Dalam hubungan keluarga dan pertemanan, Amsal 12:20 sangat relevan. Kebiasaan bergosip, menyebarkan fitnah, atau merencanakan cara untuk memanipulasi anggota keluarga atau teman demi keuntungan pribadi akan menciptakan ketegangan, kecurigaan, dan pada akhirnya kehancuran hubungan. Ketidaktenangan batin akan menjadi teman setia. Namun, individu yang memilih untuk menjadi pendamai – yang mau mendengarkan, memaafkan, bernegosiasi dengan bijak, dan mencari kebaikan bersama – akan membangun ikatan yang kokoh, penuh kasih, dan diwarnai kegembiraan serta ketenteraman.
Lebih jauh lagi, Amsal 12:20 dapat dilihat sebagai refleksi dari prinsip spiritual yang lebih dalam. Rencana jahat seringkali lahir dari hati yang egois, arogan, dan terpisah dari kebenaran ilahi. Ketidaktenangan yang menyertainya adalah konsekuensi alami dari hidup yang tidak selaras dengan kehendak Tuhan. Sebaliknya, tindakan mendamaikan mencerminkan karakter Tuhan sendiri, yang adalah Sumber Kedamaian. Orang yang memelihara kedamaian dan keharmonisan dalam interaksi mereka mencerminkan nilai-nilai ilahi, dan oleh karena itu, mereka diberkati dengan sukacita yang sejati.

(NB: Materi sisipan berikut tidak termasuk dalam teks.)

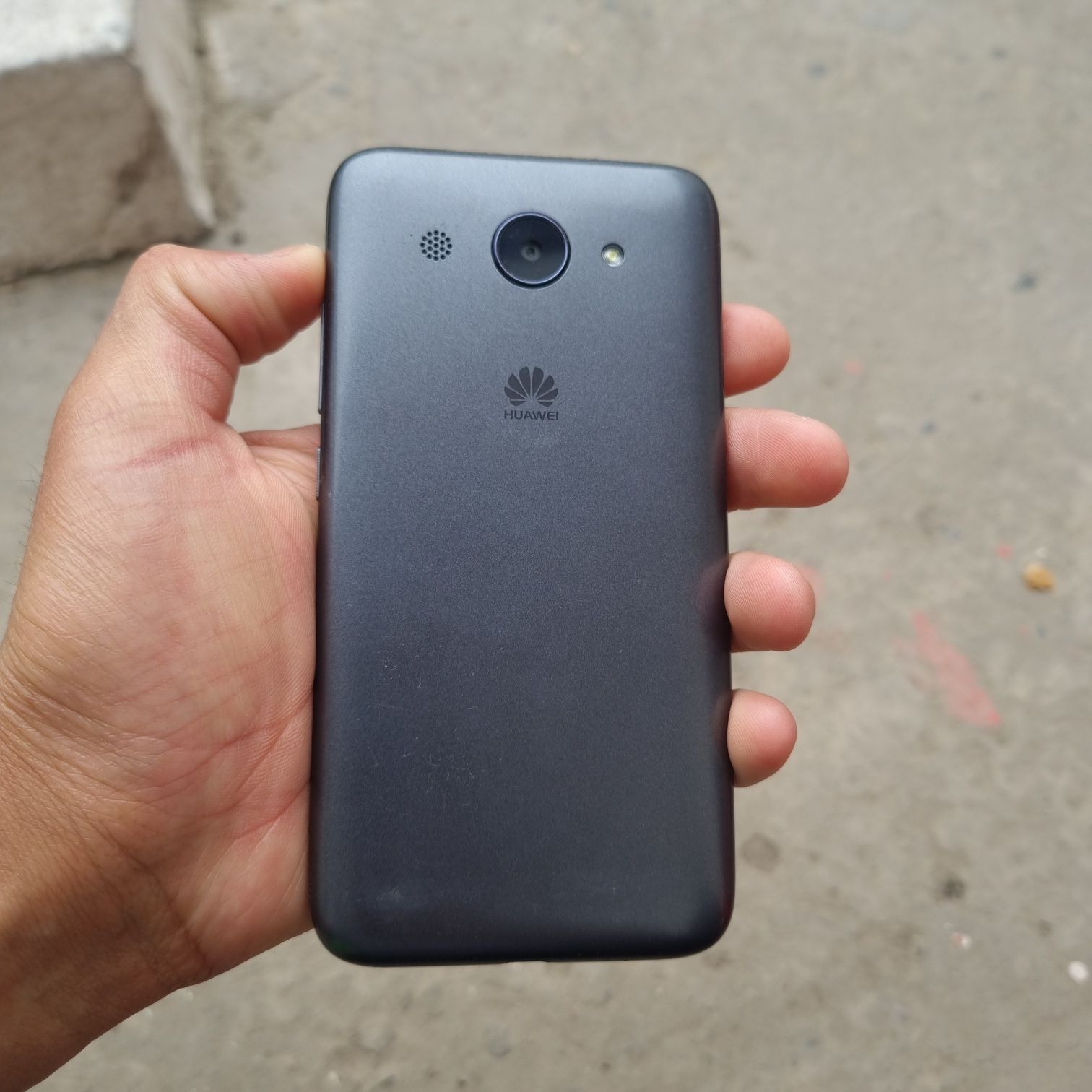 Huawei telefon sotiladi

Amsal 12:20 bukan sekadar nasihat moral, melainkan sebuah pengingat akan realitas mendasar tentang cara kerja jiwa manusia dan konsekuensi pilihan kita. Apakah kita memilih jalan kelicikan yang mengarah pada kegelisahan, atau jalan kedamaian yang melahirkan kegembiraan? Pilihan ini membentuk tidak hanya pengalaman kita di dunia, tetapi juga karakter kita secara keseluruhan.
Dalam keriuhan dunia modern, marilah kita menjadikan prinsip Amsal 12:20 sebagai panduan. Dalam setiap keputusan, dalam setiap interaksi, tanyakan pada diri sendiri: Apakah ini rencana yang akan membawa ketenangan, atau kegembiraan? Memilih untuk menjadi pendamai bukanlah jalan yang mudah, tetapi ia adalah jalan menuju kehidupan yang lebih bermakna, penuh kedamaian, dan membawa sukacita yang tak terhingga.